Israeli authorities retracted the confiscation decision and officially recognized the land as private property.

OCHA official James Rawley stated, Thursday, that the ongoing settler violence, in conjunction with recurring access restrictions imposed by Israeli authorities on Palestinians, with regard to olive groves, continues to negatively impact their lives and livelihoods.

According to WAFA Palestinian News & Info Agency, Mr. Rawly (along with members of the diplomatic and donor community, the Ministry of Agriculture, and representatives of humanitarian organizations) visited the towns of al-Janiya in the Ramallah governorate, as well as Biddu in the Jerusalem governorate, today, where community representatives and olive farmers detailed the adverse effect that continued settler violence and access restrictions to their groves have had on their lives and livelihoods.

UN agencies and non-governmental organizations (NGOs) reportedly briefed the delegation on programs which are specifically dedicated to supporting al-Janiya and Biddu as productive olive-producing communities along others in the West Bank.

Mr.
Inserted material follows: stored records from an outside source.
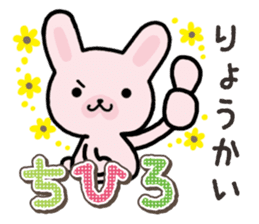 Ham-Usa for Chihiro sticker #15810908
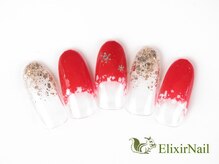 エリクサーネイル 五反田(Elixir Nail)/定額a シンプル/クーポン使用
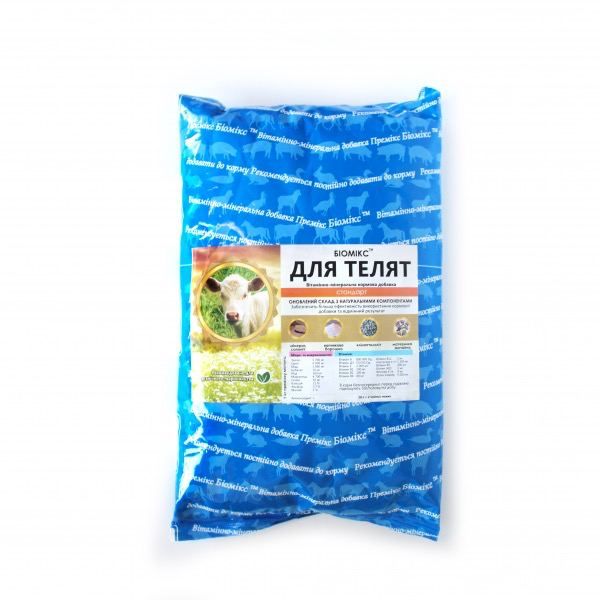 Біомікс премікс - для телят 1 кг Біомікс для телят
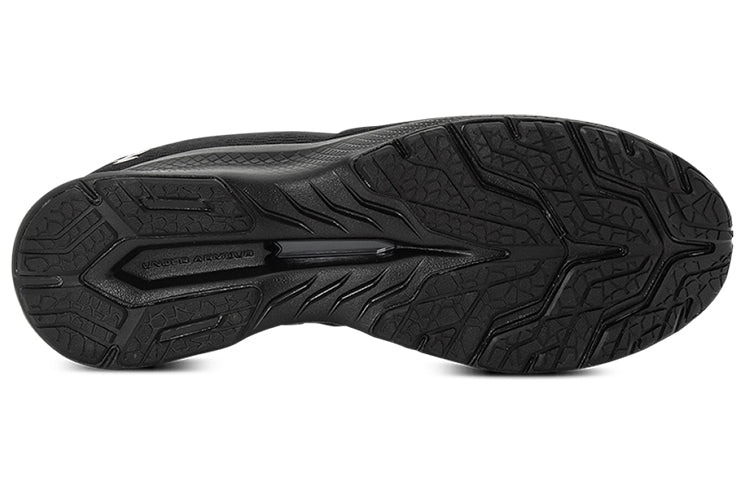 Under Armour Charged Bandit 7 3024184-004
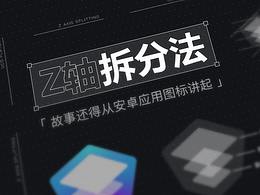 ps安卓手机图标设计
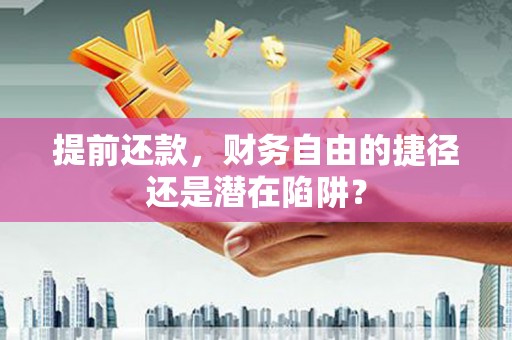 北市提前还款，财务自由的捷径还是潜在陷阱？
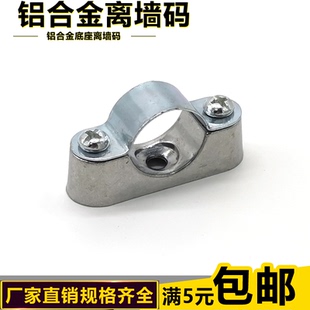 铝合金离墙码离墙卡马鞍卡元宝卡镀锌骑马卡铝制明装管卡20 25 32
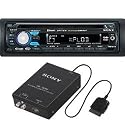 Sony MEX-BT2600 CD/MP3/Front Aux In With Bluetooth and Sony XA-110IP Ipod Adaptor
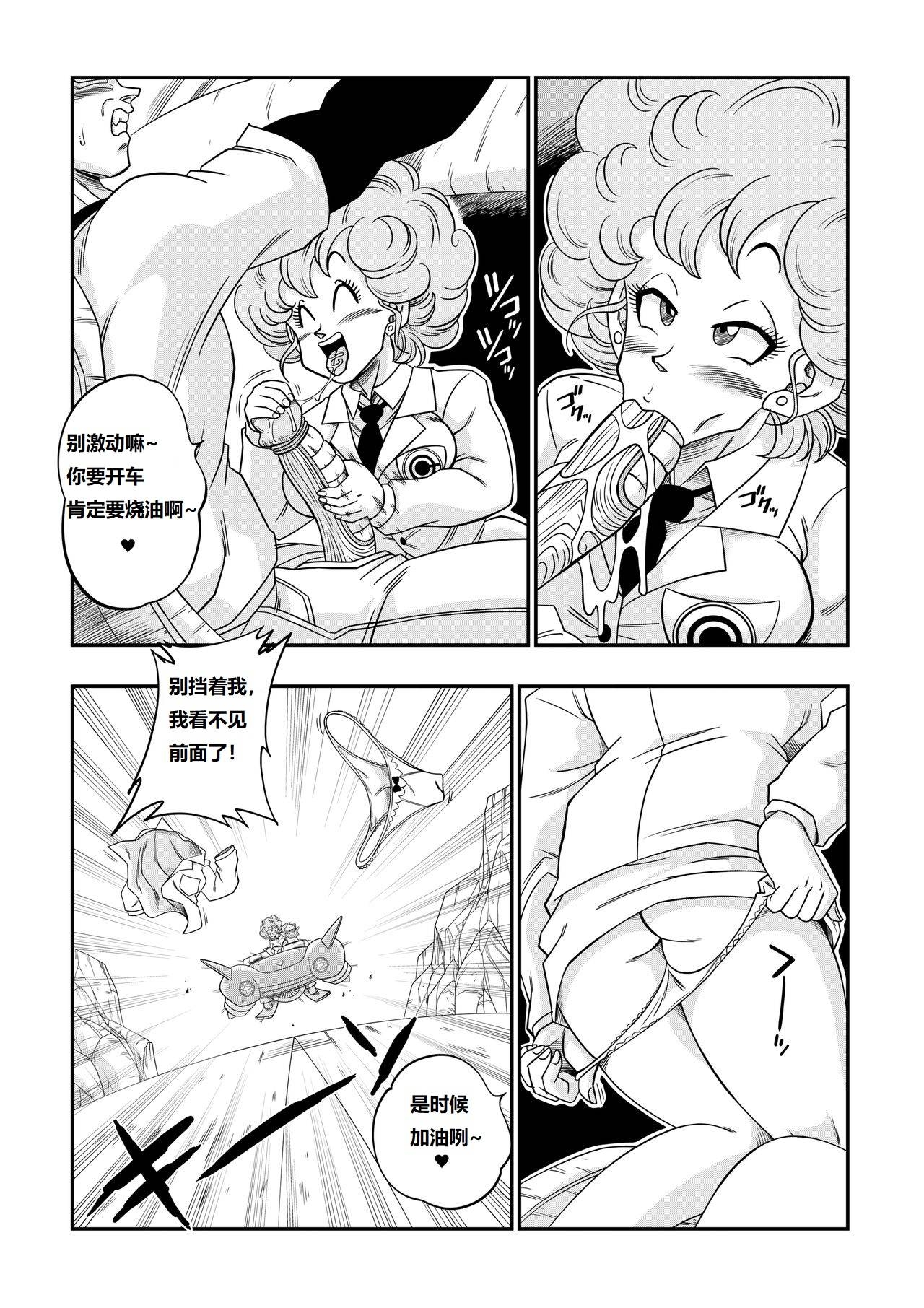 燃烧的大道!!悟空比克学开车!! - Page 9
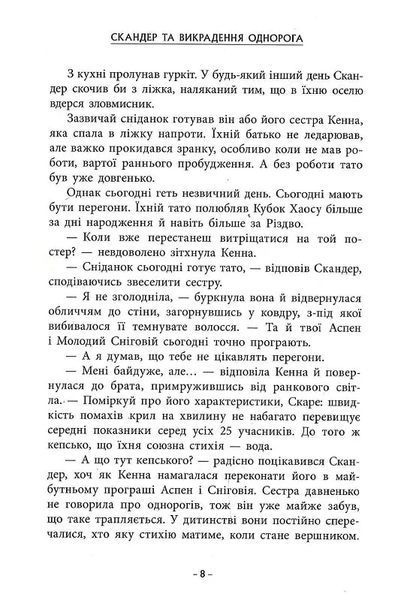 Скандер та одноріг: Скандер та викрадення однорога 10311019657 фото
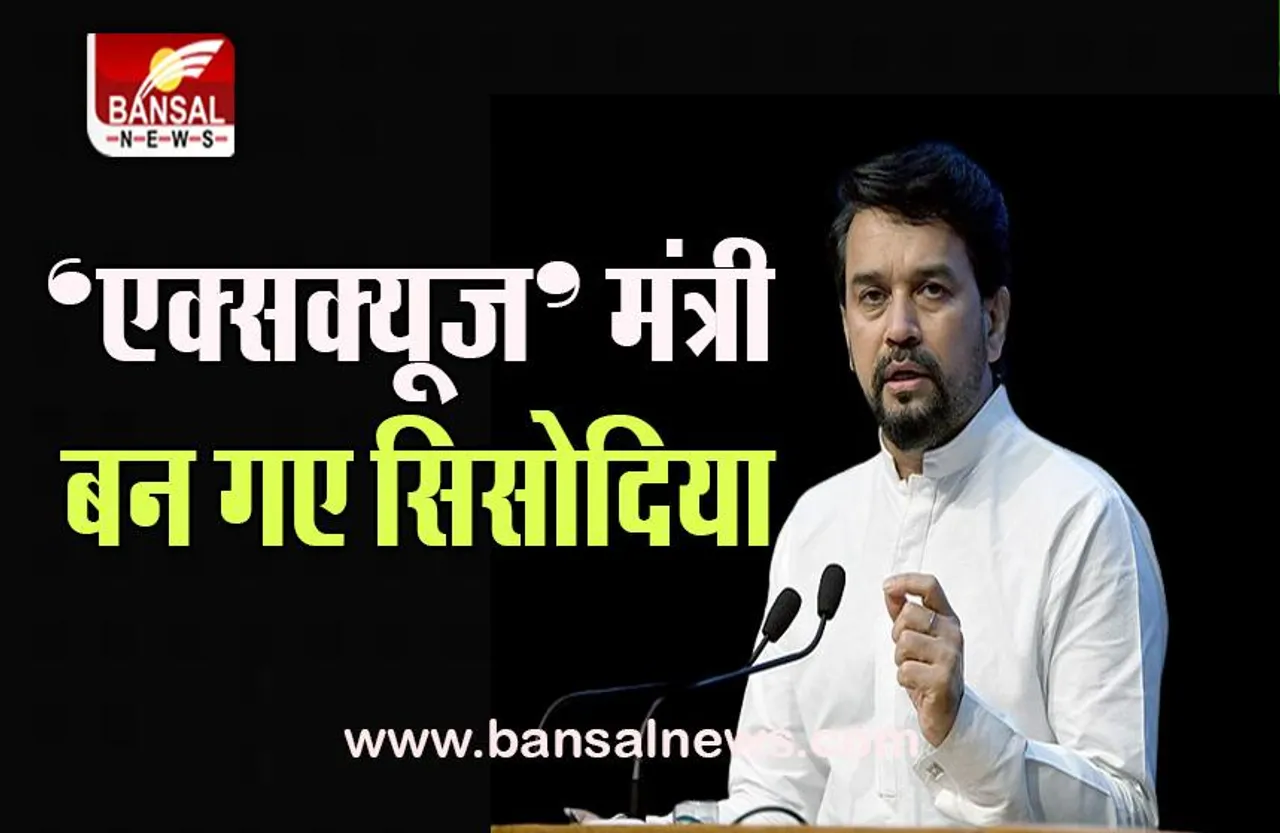 Anurag Thakur Statement: CBI छापेमारी के मामले में मंत्री ठाकुर का बयान, जानें क्या बोल गए....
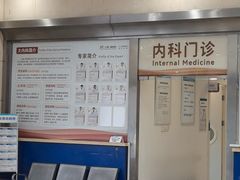 -上海仁爱医院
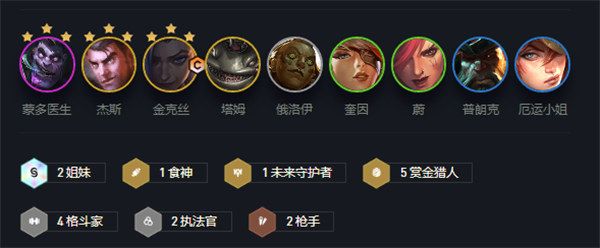 1636012503203804.jpg 云顶之弈s6赛季赏金猎人阵容搭配分享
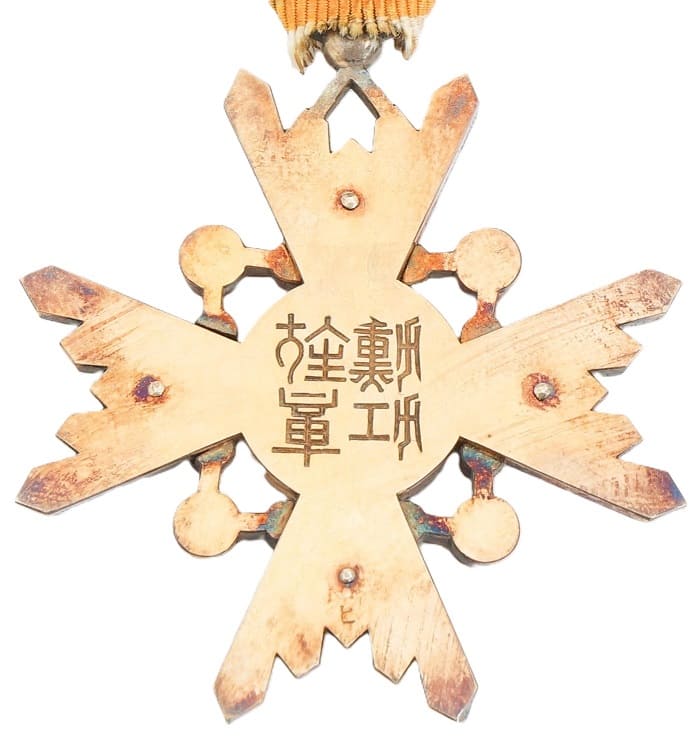 4th class order of the Sacred  Treasure with mark ヒ.jpg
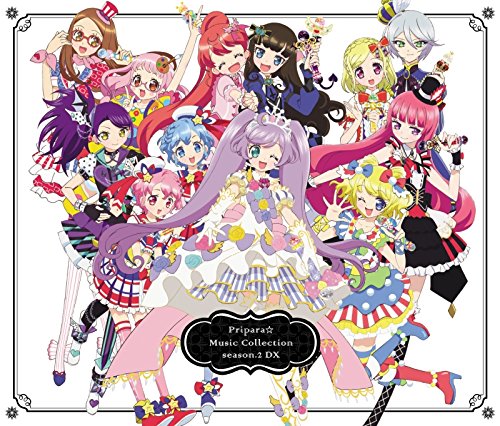 【中古】プリパラ☆ミュージックコレクション season.2 DX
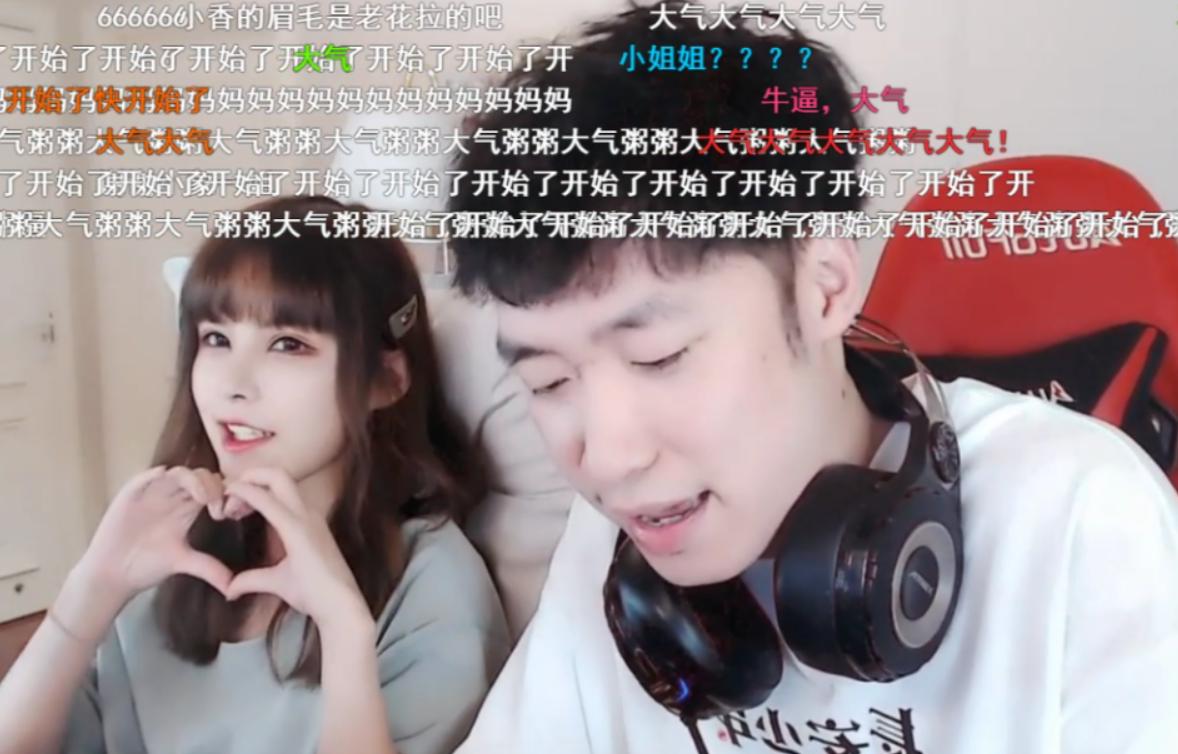 花老湿加入小象后的首秀太happy了pdd送礼物还被各种催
Rawly said that the annual olive harvest is a vital economic, social and cultural component for the Palestinian livelihood, because “nearly half of all cultivated land in the occupied Palestinian Territories (oPt) is planted with olive trees.”

Olive-growing communities located between the apartheid wall and the 1967 borders, as well as in the vicinity of West Bank Israeli settlements, face serious challenges in maintaining and harvesting their olive crops. “This undermines livelihoods and increases dependency on aid,” a statement from the OCHA read.

Rawly called for immediate action in support of Palestinian olive farmers to ensure protection from settler attacks; accountability for their violence; the lifting of restrictions on land access; and support to olive producing communities.

He additionally warned that the ongoing neglect would lead to severe damage to the olive sector in the West Bank as, according to OCHA statistics, the olive oil industry constitutes 25% of Palestinians agricultural income.

In the period between 2006 to the end of September 2014, OCHA recorded over 2,300 settler-related incidents which resulted in Palestinian casualties or property damage in the occupied West Bank, including East Jerusalem.

In 2013 alone, nearly 400 incidents of settlers’ violence against Palestinians in the oPt were accounted for by the OCHA.

Meanwhile, in the period from 2009 to the end of August 2014, nearly 50,000 fruit-bearing trees — mainly olive trees — were reported damaged or destroyed in such incidents.

Furthermore, approximately 150 Palestinian communities share land located between the Wall and the 1967 borders, with only 50% of the farmers allowed access to their land during the harvest, season in the last four years, revealed OCHA statistics.

On October 10th of this year, the International Solidarity Movement (ISM) reported that an olive farmer, Mahmoud Eid along with his wife and three children were attacked by a group of Israeli settlers from ‘Giv’at Ya’akov’.

The family, present on its land near the village of Burin, to the south west of Nablus, was attacked by five male settlers. According to the ISM report, the settlers threw rocks at the family while Eid tried to protect his loved ones by covering them with the canvas usedto collect fallen olives.

Subsequently, the settlers physically attacked him, hitting him in the chest, stomach, head and foot, badly bruising him.

Mr. Eid’s story is just one of many in which Palestinian civilians suffer from either severe physical injuries, loss of property, produce and trees or other forms of economic disenfranchisement.

WAFA correspondence further reports that a group of Israeli settlers recently broke into a privately owned Palestinian area of land near Tulkarem, in the northern occupied West Bank, where they stole 10 large sacks stuffed full of olives.

The farmer had left the crop about two days ago, after being assaulted by illegal Israeli settlers.

Since the beginning of the 1967 occupation of the West Bank, Israel has confiscated hundreds of thousands of dunums by declaring it state land.

Israeli authorities in 1968 banned Palestinians from registering their lands and subsequently took advantage of previously low rates of land registration to confiscate areas currently or previously in use by locals but not registered as such.

The confiscated lands are then used to construct Jewish-only settlements on the land, while further confiscation often uses the pretext of the settlements’ security.